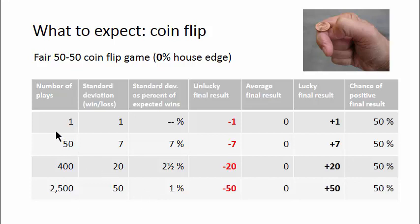The longer you play, the closer you will end up with the expected results, fraction-wise. This becomes really important for unfair games, when you have a statistical disadvantage. That's the subject of Part 2.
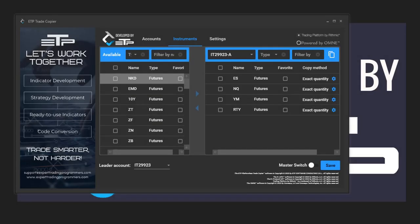Hey traders, in this video we're going to go through how to copy your instruments from one account to another. We've got our leader account selected, which is the one with no letter at the end.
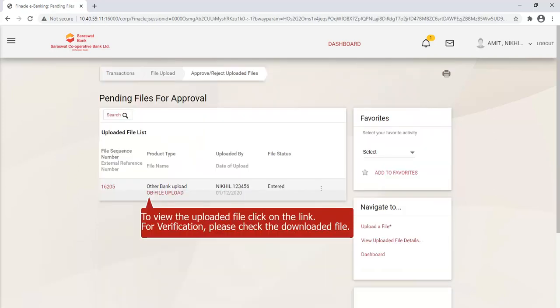To view the uploaded file, click on the link. For verification, please check the downloaded file.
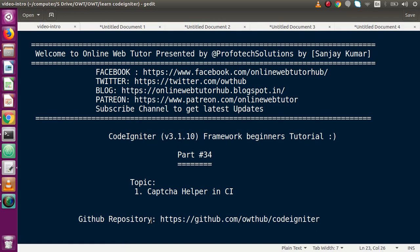Hello guys, welcome to Online Web Tutor represented by Pro-Frotex Sessions team. I am Sanjay. We are learning CodeIgniter framework beginner tutorial and this is part number 34. Inside this video session we will discuss about the captcha helper in CodeIgniter. If you are a beginner to the channel, please don't forget to subscribe and keep watching our previous video sessions.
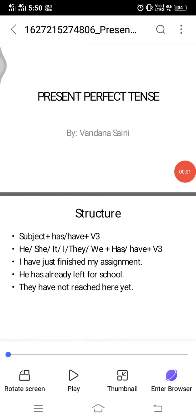Hello friends, today I'm going to talk about present perfect tense. In this video I'm going to talk about its structure, usage and indicators. It's going to be very helpful for all students who are preparing for their competitive exams, because students normally get confused about which tense to use — present perfect or simple past.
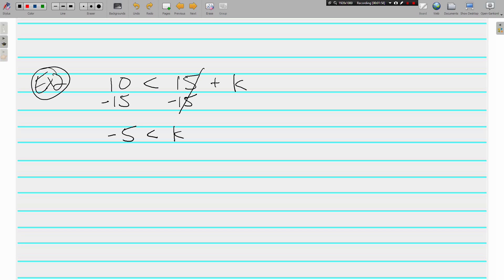We talked in the last video about making sure the variable is on the left, which gives us K is greater than negative 5. You have to be careful when you're flipping around inequalities — the shark, the alligator, it's eating the K. When I flip around this statement, I have to make sure that I'm still eating the K. It is easier to do graphing if the variable is on the left, but if when you solve it's on the right, you must be careful — you can flip the whole thing around but you've got to be eating the same term.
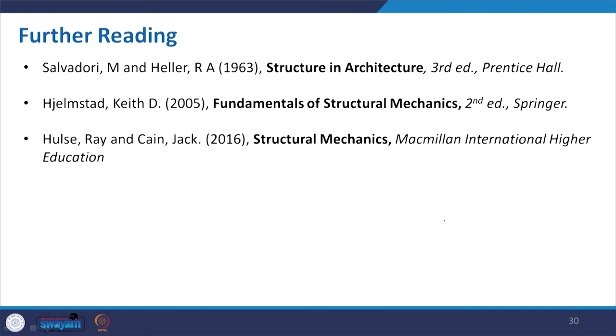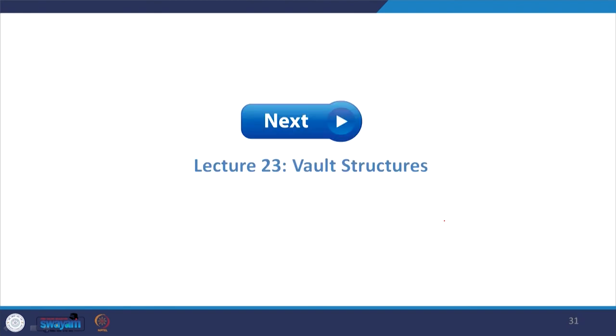With that I conclude this lecture. The next lecture will discuss the vault, which is also derived from the basic arch form. Thank you for taking part in this course; we will meet again in lecture number 23 on vault structures.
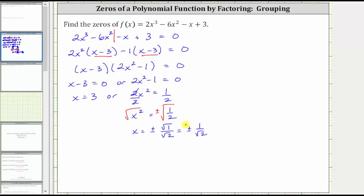So we have found the three zeros: 3, negative 1 divided by the square root of 2, and positive 1 divided by the square root of 2. But you may be asked to rationalize the denominator of 1 divided by the square root of 2, so let's also show that.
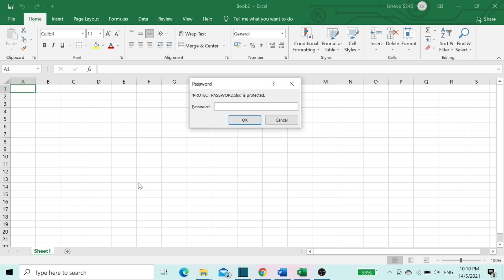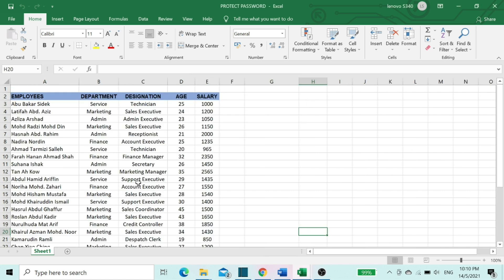Now we can see Excel requests a password before opening the Excel workbook. You can enter your password and click OK.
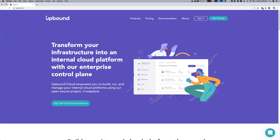Welcome to the Upbound Cloud Community Preview from the creators of Rook and Crossplane. The Upbound Cloud Community Preview is the fastest way to get started with the open source Crossplane project using free, time-limited environments for early evaluation. Upbound quickly gives you an enterprise control plane that layers on top of your existing infrastructure and cloud services, giving you all the tools you need to build your own internal cloud platform the same way industry leaders build theirs.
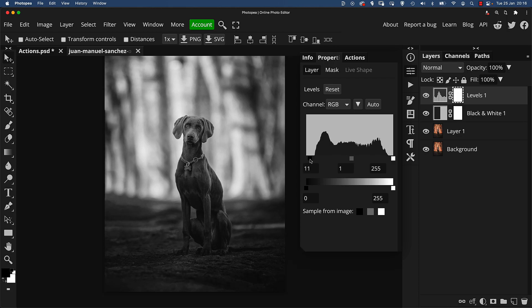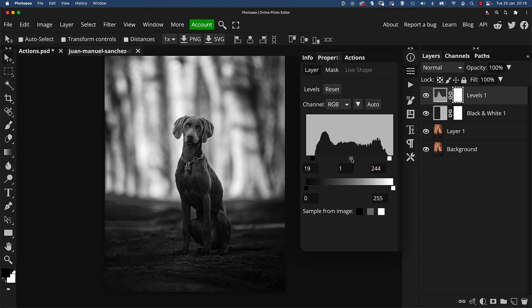I'm quite happy with that result, so I'll go down and add another adjustment layer — Levels this time, just for variety. I'll pinch in the highlight and shadow endpoints to add some real body and contrast to the image.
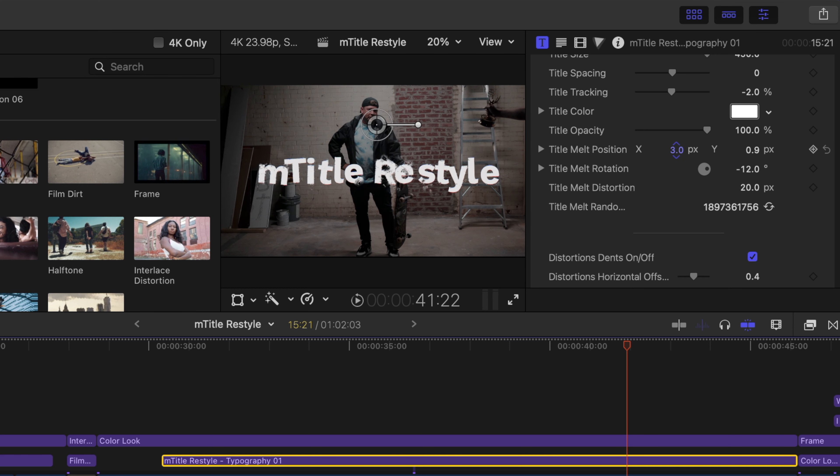Thank you for checking out this M-Title Restyle tutorial. M-Title Restyle is now available on the motionvfx.com website. Be sure to subscribe and we'll see you on the next one.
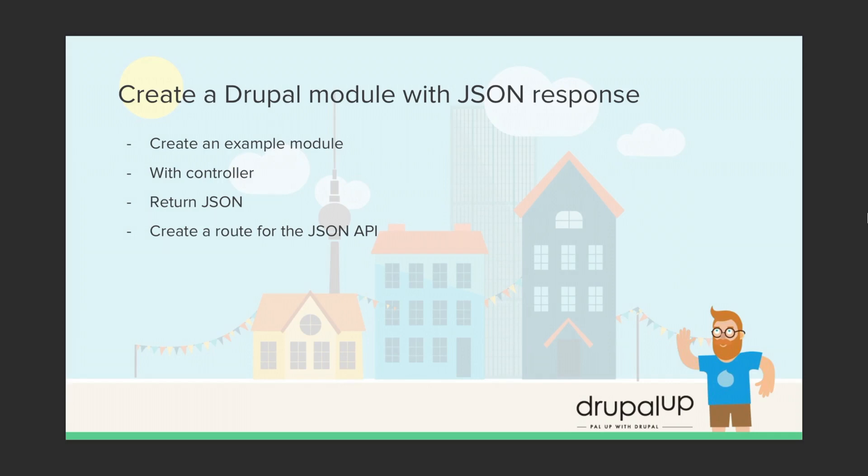In this video we're going to be creating a Drupal module with JSON response. We're going to create an example module with controller and we're going to be returning JSON.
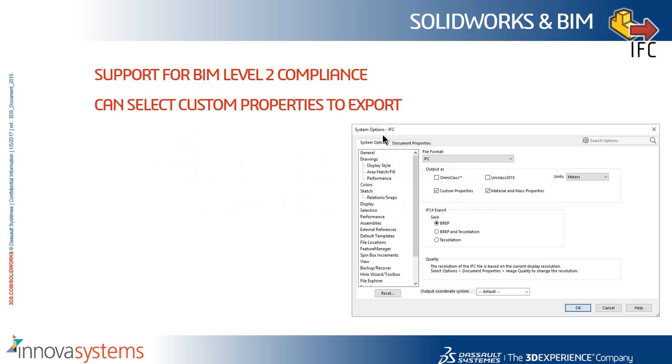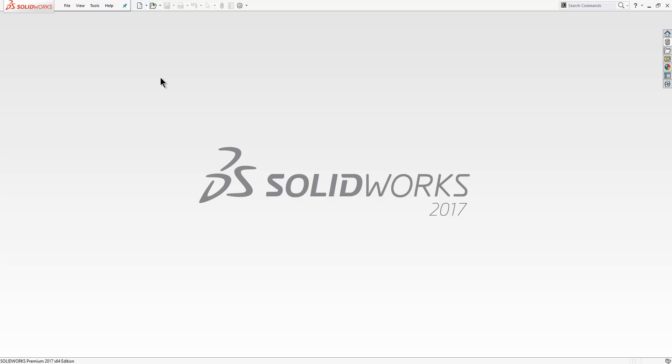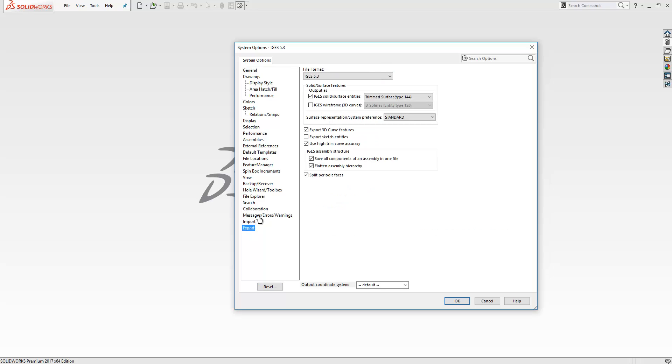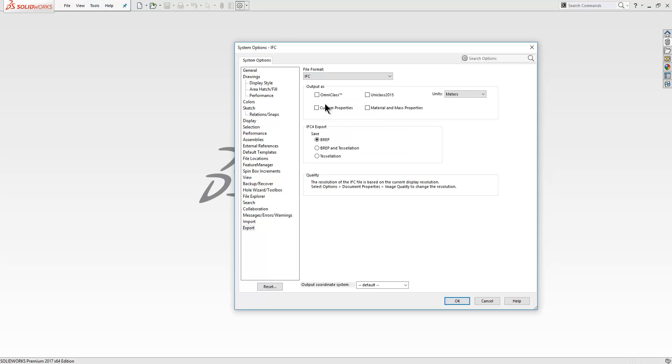We'll now take a look at what's new with SOLIDWORKS and BIM 2017. We now have BIM level 2 compliance. We go into our options, go to the new export section here, and set our file type as IFC.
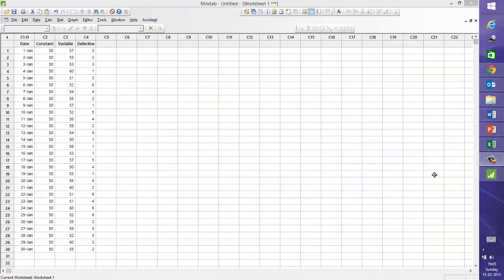Hello everyone, this is Neha Sharma from Advanced Innovation Group and through this video I intend to help you understand how to make P and NP chart using Minitab.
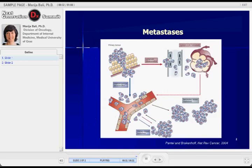Here is the picture already shown by Dr. Lin, showing what actually is the most accepted theory on metastasis.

____________________

_Directions_
Transcribe all of the material exactly, leaving out whatever pictures it contains.

_Answer to the problem_
The longer you play, the closer you will end up with the expected results, fraction-wise. This becomes really important for unfair games, when you have a statistical disadvantage. That's the subject of Part 2.
Hey traders, in this video we're going to go through how to copy your instruments from one account to another. We've got our leader account selected, which is the one with no letter at the end.
To view the uploaded file, click on the link. For verification, please check the downloaded file.
Hello guys, welcome to Online Web Tutor represented by Pro-Frotex Sessions team. I am Sanjay. We are learning CodeIgniter framework beginner tutorial and this is part number 34. Inside this video session we will discuss about the captcha helper in CodeIgniter. If you are a beginner to the channel, please don't forget to subscribe and keep watching our previous video sessions.
Hello friends, today I'm going to talk about present perfect tense. In this video I'm going to talk about its structure, usage and indicators. It's going to be very helpful for all students who are preparing for their competitive exams, because students normally get confused about which tense to use — present perfect or simple past.
We talked in the last video about making sure the variable is on the left, which gives us K is greater than negative 5. You have to be careful when you're flipping around inequalities — the shark, the alligator, it's eating the K. When I flip around this statement, I have to make sure that I'm still eating the K. It is easier to do graphing if the variable is on the left, but if when you solve it's on the right, you must be careful — you can flip the whole thing around but you've got to be eating the same term.
With that I conclude this lecture. The next lecture will discuss the vault, which is also derived from the basic arch form. Thank you for taking part in this course; we will meet again in lecture number 23 on vault structures.
So we have found the three zeros: 3, negative 1 divided by the square root of 2, and positive 1 divided by the square root of 2. But you may be asked to rationalize the denominator of 1 divided by the square root of 2, so let's also show that.
Now we can see Excel requests a password before opening the Excel workbook. You can enter your password and click OK.
Welcome to the Upbound Cloud Community Preview from the creators of Rook and Crossplane. The Upbound Cloud Community Preview is the fastest way to get started with the open source Crossplane project using free, time-limited environments for early evaluation. Upbound quickly gives you an enterprise control plane that layers on top of your existing infrastructure and cloud services, giving you all the tools you need to build your own internal cloud platform the same way industry leaders build theirs.
I'm quite happy with that result, so I'll go down and add another adjustment layer — Levels this time, just for variety. I'll pinch in the highlight and shadow endpoints to add some real body and contrast to the image.
Thank you for checking out this M-Title Restyle tutorial. M-Title Restyle is now available on the motionvfx.com website. Be sure to subscribe and we'll see you on the next one.
In this video we're going to be creating a Drupal module with JSON response. We're going to create an example module with controller and we're going to be returning JSON.
We'll now take a look at what's new with SOLIDWORKS and BIM 2017. We now have BIM level 2 compliance. We go into our options, go to the new export section here, and set our file type as IFC.
Hello everyone, this is Neha Sharma from Advanced Innovation Group and through this video I intend to help you understand how to make P and NP chart using Minitab.
Here is the picture already shown by Dr. Lin, showing what actually is the most accepted theory on metastasis.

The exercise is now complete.